Caution: Don’t mix usual fetch.py calls with --nologs calls (see
below), otherwise some logs may be missed. The script is designed to either
collect meta + logs or just meta. If the meta is up-to-date, there is no cheap
way to ensure that all relevant jobs are collected with logs.
Get specific data about jobs:
./multivac/gather_data.py --format json
See more information on website
Get time spent in jobs:
Collect jobs metainformation:
$ ./multivac/fetch.py --nologs --nostop tarantool/tarantool
You may need to re-run it several times to collect enough information: GitHub ratelimits requests to 5000 per hour.
If hit by 403 error, look at the last X-RateLimit-Reset value in debug.log:
it is time, when you may start the script again.

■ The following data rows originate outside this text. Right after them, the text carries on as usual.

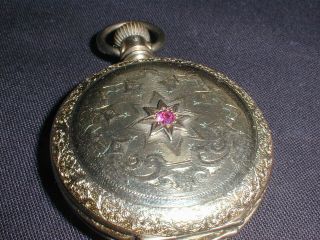Elgin Full Hunter Pocket Watch Gold Case With Ruby,  Antique 1888
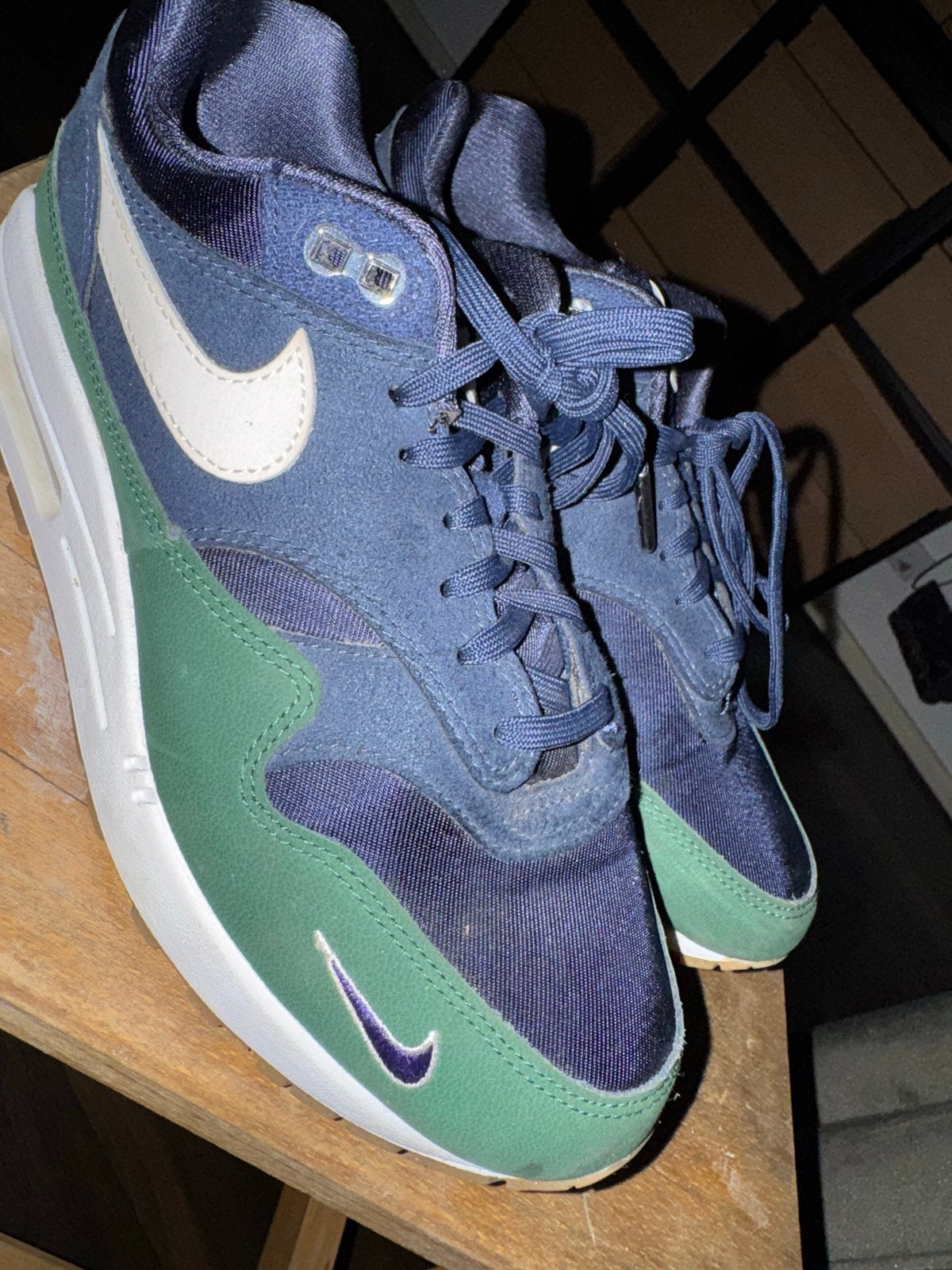 Nike Air Max 1 Sneakers - Blauw/Groen, Sneakers of Gympen, Gedragen, Verzenden, Blauw
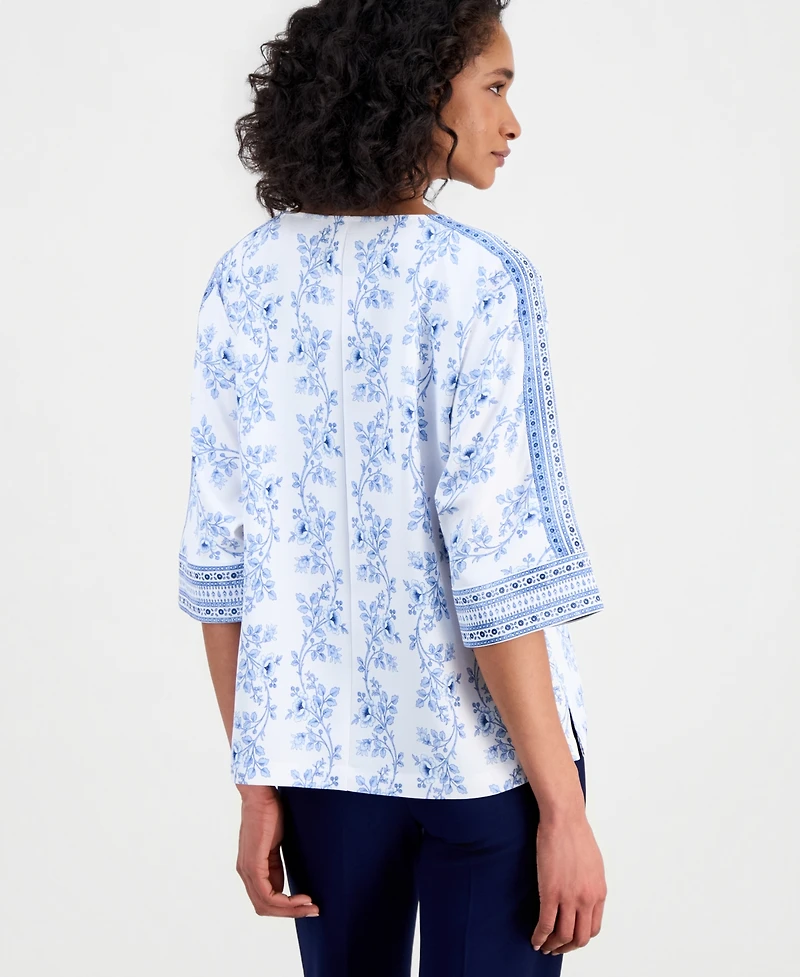 Anne Klein Women's 3/4-Sleeve Boat-Neck Top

Call date --date=@<..unix time..> '+%a %b %_d %H:%M:%S %Z %Y' to translate this value into a human
readable format.
You may continue from a particular page using the --since N option (beware of
holes, always leave some overlap).
Next, generate the report itself:
$ ./multivac/minutes.py [--short]
It prints minutes splitted in two ways:
per day / per week / per month
by ‘runs-on’ (‘ubuntu-20.04’ and so on)
Use --short to merge ‘ubuntu-18.04’ and ‘ubuntu-20.04’ into just ‘ubuntu’.